Outro comentário no Malta Today – simples e direto: Postado por: Half EU Citizen — 24/02/2012 11:17:19. : “Nós temos os melhores políticos que o dinheiro pode comprar!”

O mais importante é que:

O atum-azul, uma espécie altamente ameaçada, está à beira da extinção e o grosso das operações de sua pesca ilegal ocorre na ilha de Malta. Os fazendeiros de atum-azul de Malta processam a qualquer um que se opuser a eles, incluindo os jornalistas malteses. Eles estão nos processando por obstruí-los e por soltar sua pesca ilegal de atum-azul na costa da Líbia.

Paisagem de Malta. Foto: Simon Ager

A Sea Shepherd diz o que precisa ser dito, e fazemos o que precisa ser feito para defender essa espécie ameaçada. Não temos medo de suas ameaças, nem as físicas, nem as legais. Eles são capangas, e toda a indústria de atum-azul é uma operação criminosa, que sobrevive subornando funcionários da CITES e subornando políticos. É o que digo e não tenho nenhuma intenção de retirar.

Portanto, pode vir, Gonzi, vamos ao tribunal para podermos soltar nossos detetives na sua ilha e coletar evidências daquilo que sabemos estar lá, para poder fundamentar minhas afirmações ao New Europe.

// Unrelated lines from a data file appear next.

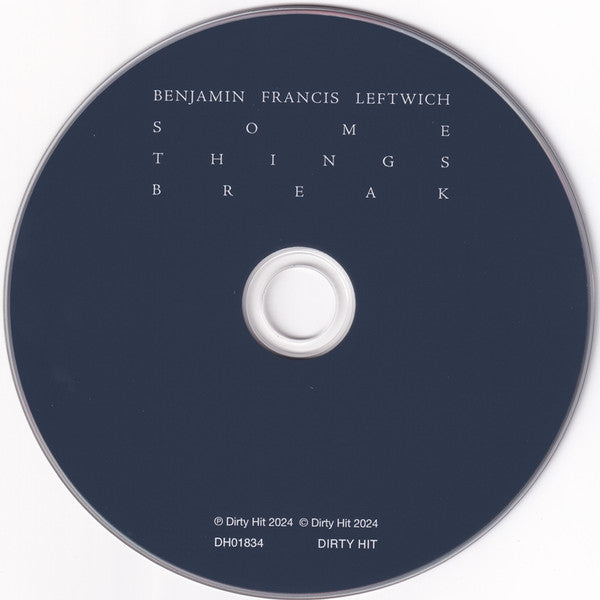 Benjamin Francis Leftwich : Some Things Break (CD, Album)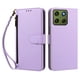 thumbnail image 1 of Funda Tipo Billetera para Motorola Moto Edge 70 5G con Soporte y Bolsillo con Cierre Morado, 1 of 1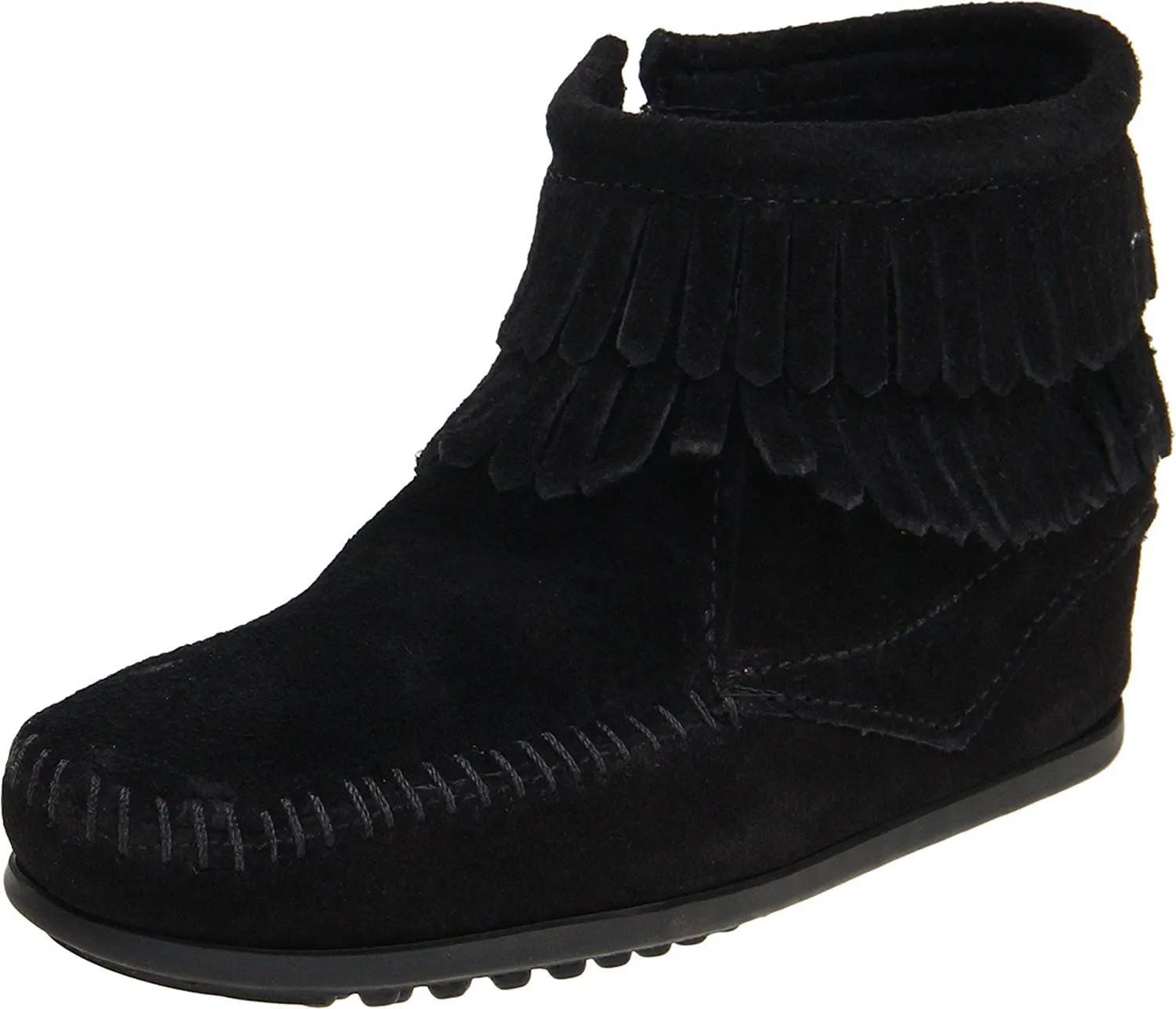 Minnetonka Kid's Double Fringe Side Zip Boot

Mas nós dois sabemos que você está somente fazendo pose, pois você sabe que não existe tribunal com jurisdição para o seu caso e, sabendo disso, você pode facilmente dizer que vai me processar por calúnia, fazendo parecer que a vítima é você.

Então, vamos a julgamento se você puder, para que possamos pedir por mandado os documentos para a defesa – coisas como extratos bancários, transações financeiras, contas no exterior, relacionamentos, alegação de favores recebidos por políticos da indústria de atum, viagens de políticos em iates de propriedade dos executivos da indústria de atum e outras conexões relevantes.

Fiquem ligados para ver o que vai acontecer enquanto o primeiro ministro de Malta tenta fazer o que o Japão, a Noruega e o Canadá falharam – levar a Sea Shepherd, e eu, para o tribunal.

Mas é claro que nem o Canadá, nem a Noruega, nem o Japão nunca tiveram que lidar com alguém chamando a eles de corruptos – ei, espere, acho que já fizemos isso, sim. Só que eles perceberam como era bobo ir a julgamento por causa disso.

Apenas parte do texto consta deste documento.